Tracking Algorithm Comparison
| Method | How It Works | Speed | Accuracy | Best For |
|---|---|---|---|---|
| Monopulse | Compares sum and difference patterns from multiple feed elements simultaneously. | Instantaneous (single pulse) | BW/10 | Fast targets: aircraft, missiles, LEO satellites |
| Conical Scan | Nutates the feed in a circular path; AM modulation on the received signal encodes pointing error. | One revolution period (~30 ms) | BW/5 | Legacy fire-control radars |
| Step-Track | Steps the antenna in small increments, measures power at each position, climbs toward the peak. | Seconds per correction | BW/4 | Slow targets: GEO satellites, fixed links |
| Program Track | Follows pre-computed ephemeris data (TLE) without RF feedback. | Open-loop (no sensing) | Pedestal accuracy only | Initial acquisition before handoff to monopulse |
Monopulse: The Gold Standard
Monopulse tracking uses a multi-horn feed assembly (typically four horns in a 2x2 cluster) and a comparator network.
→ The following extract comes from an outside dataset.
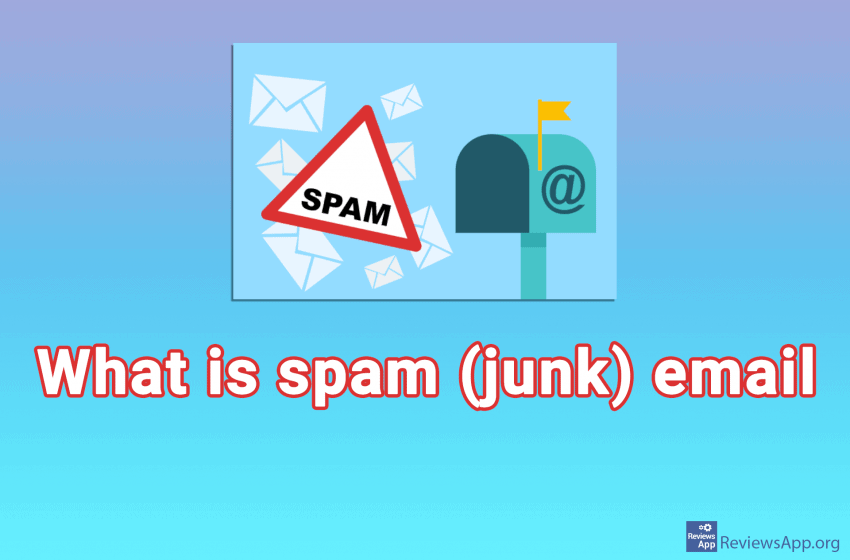  What is spam (junk) email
The comparator produces three outputs: a Sum channel (all four horns added in phase, used for communication), an Azimuth Difference channel (left pair minus right pair), and an Elevation Difference channel (top pair minus bottom pair).
εaz = Re{ Δaz / Σ }
εel = Re{ Δel / Σ }
Where:
Σ = Sum channel amplitude (reference)
Δaz = Azimuth difference channel
Δel = Elevation difference channel
ε = Normalized error voltage (linear near boresight)
When the antenna is perfectly pointed, Δ = 0 and ε = 0. Any offset from boresight produces an error voltage proportional to the angular offset.
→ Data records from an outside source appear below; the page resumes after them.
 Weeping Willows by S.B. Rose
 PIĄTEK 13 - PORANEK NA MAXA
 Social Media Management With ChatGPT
The beauty of monopulse is that it extracts both the magnitude and direction of the pointing error from a single received pulse, making it immune to signal amplitude fluctuations that plague conical scan systems. This is why every modern tracking radar and high-throughput satellite earth station uses monopulse.
Frequently Asked Questions
What is the difference between monopulse and step-track?
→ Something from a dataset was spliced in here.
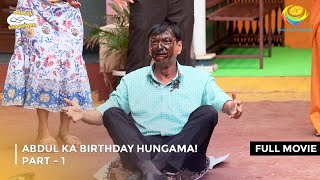 Abdul Ka Birthday Hungama I FULL MOVIE  PART 1 I Taarak Mehta Ka Ooltah Chashmah Ep 4099 to 4102 [upl. by Wolfson370]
Monopulse extracts the pointing error from a single pulse by comparing signals received simultaneously on multiple feed elements. It provides instantaneous, continuous error correction and is the gold standard for high-speed targets. Step-track is simpler: it nudges the antenna in small steps, measures whether signal strength increased or decreased, and adjusts accordingly. Step-track is adequate for slow-moving geostationary satellites but too slow for LEO satellite passes or radar targets.
How accurate is monopulse auto-tracking?
A well-designed monopulse system achieves pointing accuracy of approximately 1/10th of the antenna's half-power beamwidth. For a 2.4-meter Ku-band dish with a 0.75-degree beamwidth, monopulse tracking maintains lock to within 0.075 degrees (about 4.5 arcminutes). This precision is critical for high-throughput satellite links where even 0.1 degrees of pointing error causes several dB of signal loss.
Why do satellite earth stations need auto-tracking?
Geostationary satellites drift within a 0.05 to 0.1 degree station-keeping box due to gravitational perturbations from the sun and moon. For large earth station antennas with beamwidths narrower than 0.5 degrees, this drift causes measurable signal loss. LEO and MEO satellites move at angular rates up to 2 degrees per second, making auto-tracking mandatory for continuous communication.